Grammy-nominated singer, Janelle Monae, will rework the problematic Siamese Cat Song in the remake to “Lady and the Tramp.” The song is considered racist in its depictions of Asian characters as tricky and vicious. The original film “Lady and the Tramp” was released in 1955 with the song performed by Peggy Lee. She voiced the cats of Si and Am, who vilify the main character, the cocker spaniel, to the humans, according to The Guardian. In the song, oriental background music reverberates as the cats sing. Additionally, the cats sing in a caricature Asian accent. “We are Siamese if you please, we are Siamese if you don’t please.”
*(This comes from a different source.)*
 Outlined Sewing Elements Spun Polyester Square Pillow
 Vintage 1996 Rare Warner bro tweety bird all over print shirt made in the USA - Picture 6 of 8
According to Variety, the Siamese cats will be removed in the remake set to debut on Disney Plus streaming. Disney isn’t saying what the cats will be replaced with at this moment.
The movie will take place in 1910. “Lady and the Tramp” is about the romance between a sheltered cocker spaniel named Lady and a tough street mutt named Tramp. Tessa Thompson will voice the Lady, while Justin Theroux will voice the Tramp.
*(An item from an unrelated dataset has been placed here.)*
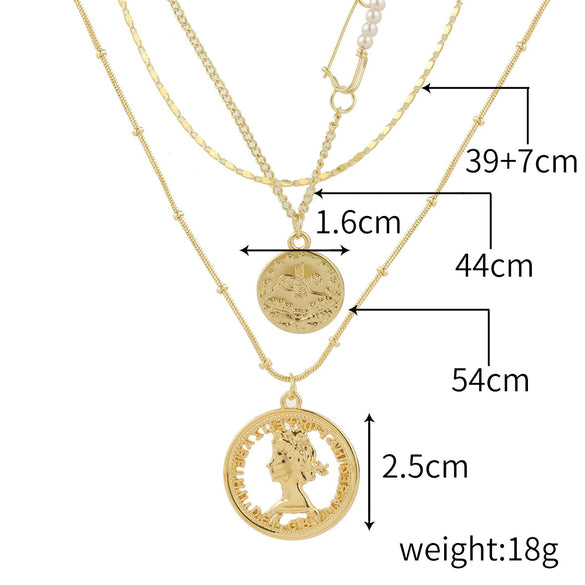 Alloy Heart Geometric Multilayer Female Hiphop Niche Design Sense Electroplated Necklace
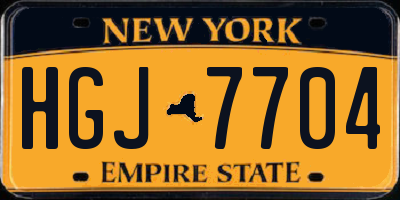 NY license plate HGJ7704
Janelle Monae and her artist collective Wondaland will work on two original songs for “Lady and the Tramp.”
In a post titled “The Code Behind the Kitty: Unpacking the Racist Myth of the Siamese Cat,” Marcus Hunter wrote, “The Siamese cat, as canonical as it is controversial, has developed a legacy in American cinema for embodying undeniably racist stereotypes about Asians and Asian Americans — most notably through the Siamese duo Si and Am of Lady and the Tramp, often cited as one of the most racist cartoon characters ever depicted on film.”
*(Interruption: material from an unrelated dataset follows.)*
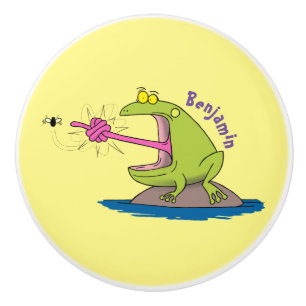 Bouton De Porte En Céramique Drôle dessin animé de grenouille et mouche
He explained that after World War II, anti-Japanese sentiments were at a fever high along with anti-Asian sentiments. The cats merely reinforced painting Asians as an untrusty monolith. Furthermore, it tapped into the fear Americans had of the east.
“Si and Am of Lady and the Tramp, which premiered just a decade after the war’s end, were undoubtedly conjured by the remaining prejudices of this milieu, emblems of an era when anything categorically or characteristically “Asian” was met with misplaced fear and intemperate hostility used to create a dehumanized image of the “Other” and frame it as a direct affront to Western hegemony, justifying the prejudice against it.”